▸ YOUR OBJECTIVE:
Every line below containing the word "bedroom" should be found and copied.

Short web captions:
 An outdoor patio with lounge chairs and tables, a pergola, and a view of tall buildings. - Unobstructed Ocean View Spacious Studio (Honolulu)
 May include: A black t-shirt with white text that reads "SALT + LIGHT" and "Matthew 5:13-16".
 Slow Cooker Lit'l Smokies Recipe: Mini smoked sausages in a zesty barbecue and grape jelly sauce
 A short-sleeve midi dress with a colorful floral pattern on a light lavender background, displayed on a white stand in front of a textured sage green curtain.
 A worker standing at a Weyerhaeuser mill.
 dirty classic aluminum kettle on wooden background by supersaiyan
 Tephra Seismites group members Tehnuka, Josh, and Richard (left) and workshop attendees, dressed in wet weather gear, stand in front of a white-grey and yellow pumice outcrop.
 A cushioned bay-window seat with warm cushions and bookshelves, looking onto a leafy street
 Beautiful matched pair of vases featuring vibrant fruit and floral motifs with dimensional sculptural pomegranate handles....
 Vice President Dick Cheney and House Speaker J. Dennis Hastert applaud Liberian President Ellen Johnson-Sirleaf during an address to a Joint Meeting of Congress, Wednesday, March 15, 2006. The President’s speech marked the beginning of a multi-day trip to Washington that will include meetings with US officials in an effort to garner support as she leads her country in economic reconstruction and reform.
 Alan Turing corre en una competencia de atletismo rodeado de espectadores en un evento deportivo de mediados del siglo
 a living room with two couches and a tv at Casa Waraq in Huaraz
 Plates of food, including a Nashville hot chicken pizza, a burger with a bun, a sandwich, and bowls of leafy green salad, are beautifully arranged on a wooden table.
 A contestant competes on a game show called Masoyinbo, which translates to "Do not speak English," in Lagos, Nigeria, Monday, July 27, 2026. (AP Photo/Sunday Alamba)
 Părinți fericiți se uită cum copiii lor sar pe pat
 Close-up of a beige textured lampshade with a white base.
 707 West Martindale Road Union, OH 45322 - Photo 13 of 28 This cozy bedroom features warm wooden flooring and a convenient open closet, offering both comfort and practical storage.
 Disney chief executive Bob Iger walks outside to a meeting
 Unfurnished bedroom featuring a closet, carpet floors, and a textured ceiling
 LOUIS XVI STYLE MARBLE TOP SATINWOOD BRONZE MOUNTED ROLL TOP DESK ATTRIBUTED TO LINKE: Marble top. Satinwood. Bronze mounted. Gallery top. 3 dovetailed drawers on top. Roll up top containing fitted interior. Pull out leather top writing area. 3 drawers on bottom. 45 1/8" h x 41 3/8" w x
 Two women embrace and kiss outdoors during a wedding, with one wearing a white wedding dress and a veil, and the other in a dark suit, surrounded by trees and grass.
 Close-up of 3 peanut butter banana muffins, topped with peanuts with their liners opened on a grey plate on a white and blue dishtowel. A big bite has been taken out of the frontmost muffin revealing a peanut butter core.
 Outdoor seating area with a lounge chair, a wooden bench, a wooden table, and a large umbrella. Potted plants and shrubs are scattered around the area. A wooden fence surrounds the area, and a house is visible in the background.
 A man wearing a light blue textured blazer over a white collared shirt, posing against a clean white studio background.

▸ RESPONSE:
 707 West Martindale Road Union, OH 45322 - Photo 13 of 28 This cozy bedroom features warm wooden flooring and a convenient open closet, offering both comfort and practical storage.
 Unfurnished bedroom featuring a closet, carpet floors, and a textured ceiling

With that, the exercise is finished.